[Date Prev][Date Next] [Chronological] [Thread] [Top]

Re: ISO Latin Strings



> Do you know where I could get somekind of encoder/decoder thing? So
> that I could store it as something that is supportted in current
> releases, and then map it back to an ISO Latin string when I retrieve
> it?

Here are the scripts I use.  Replace /local/bin/perl5 with the pathname
of a perl 5 release on your machine.

-------- iso2utf --------
#!/local/bin/perl5 -wp
# Convert iso8859-1 to UTF-8
s/([\200-\377])/pack('CC', 0xC0 + (ord($1) >> 6), (ord($1) & 0xBF))/ge;

-------- utf2iso --------
#!/local/bin/perl5 -p
# Convert UTF-8 to iso8859-1, or to "{" "UTF8:" utf8-char "}" and return error.

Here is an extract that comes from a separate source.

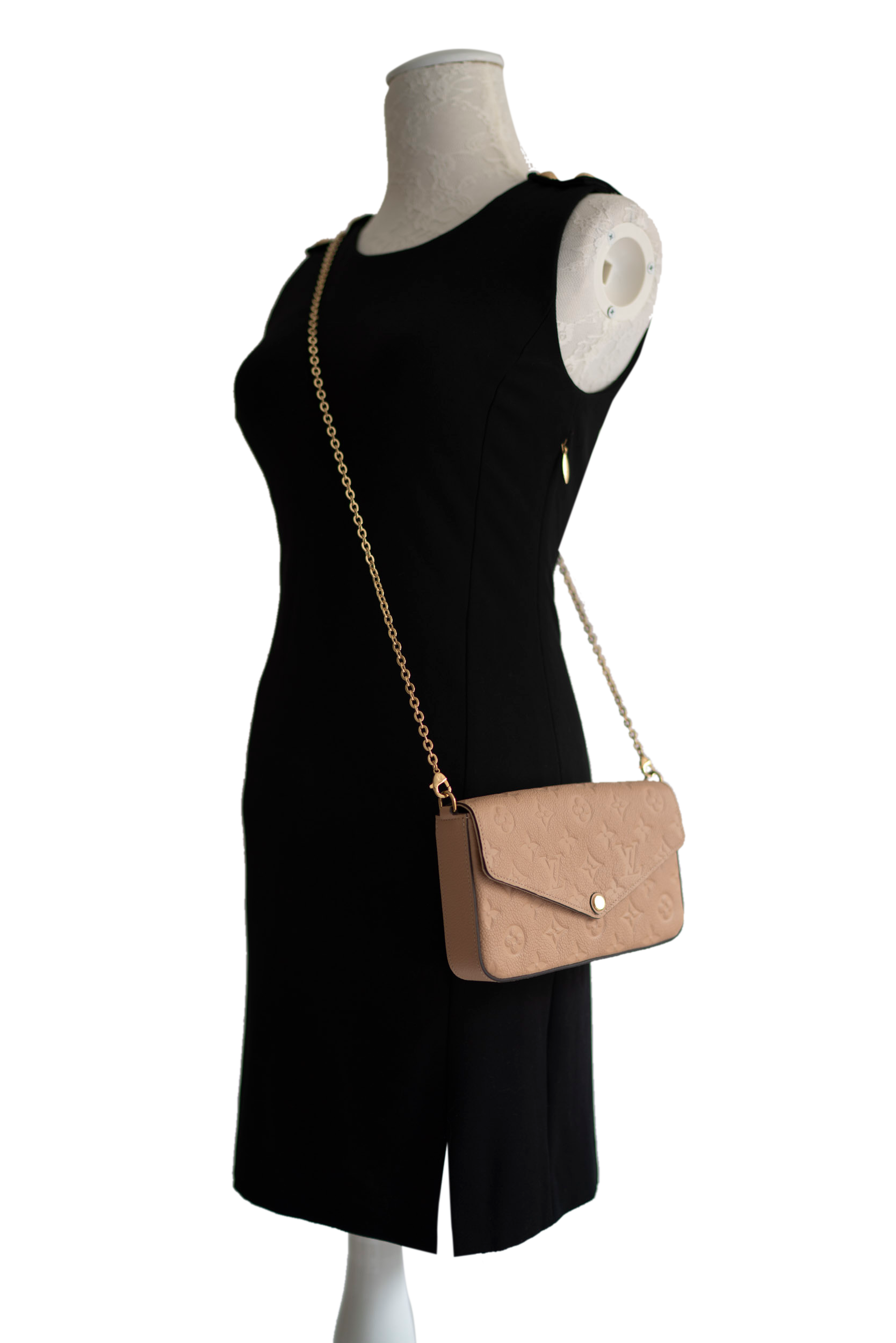 louis vuitton papyrus empreinte leather pochette felicie Rent Louis Vuitton Handbags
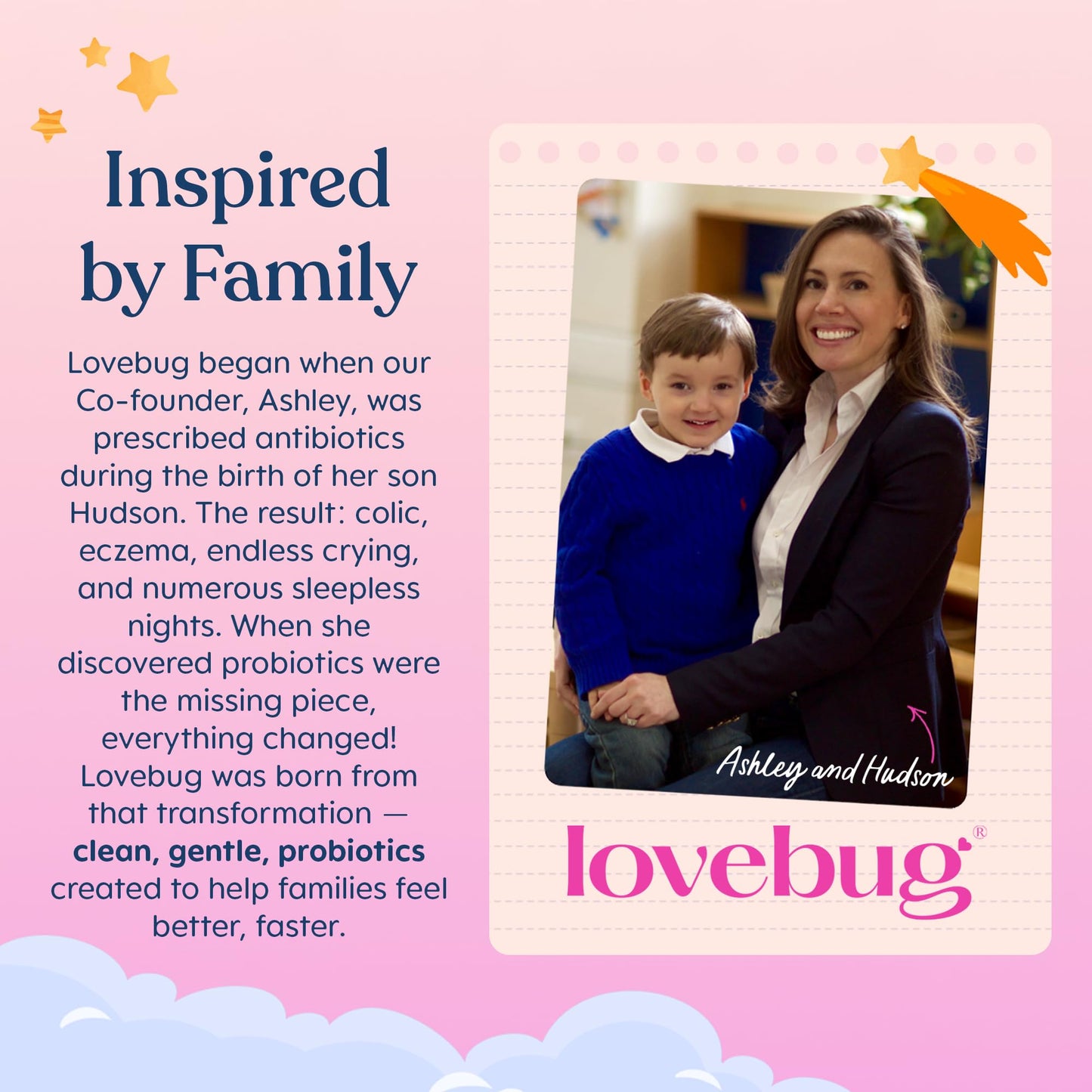 Lovebug non GMO vegan kids digestive system balance formula packaging top view showing product safety seal.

# Note:	Do not remove the code that checks if the UTF-8 sequence
#	is valid and can be converted to iso8859-1.
#	Otherwise filters like this can be fooled into converting
#	some 8-bit chars to \0 or control characters.

# 1. octet in non-ASCII char should be [\300-\377].  However, we check
# for [\200-...] in case the input starts in the middle of an UTF-8 char.
s/([\200-\377][\200-\277]*)/&utf2iso($1)/ge;

sub utf2iso {
    my($first,@rest) = unpack('C*', $_[0]);
    $first -= 0xC2;
    if (@rest != 1 || ($first & ~1)) {
	warn "\nutf2iso: Non-iso8859-1 characters(s) in text.\n" unless $w++;
	return "{UTF8:$_[0]}";
    }
    chr($first * 0x40 + $rest[0]);
}

END { die "utf2iso: $w non-iso8859-1 characters.\n" if $w && $w > 1; }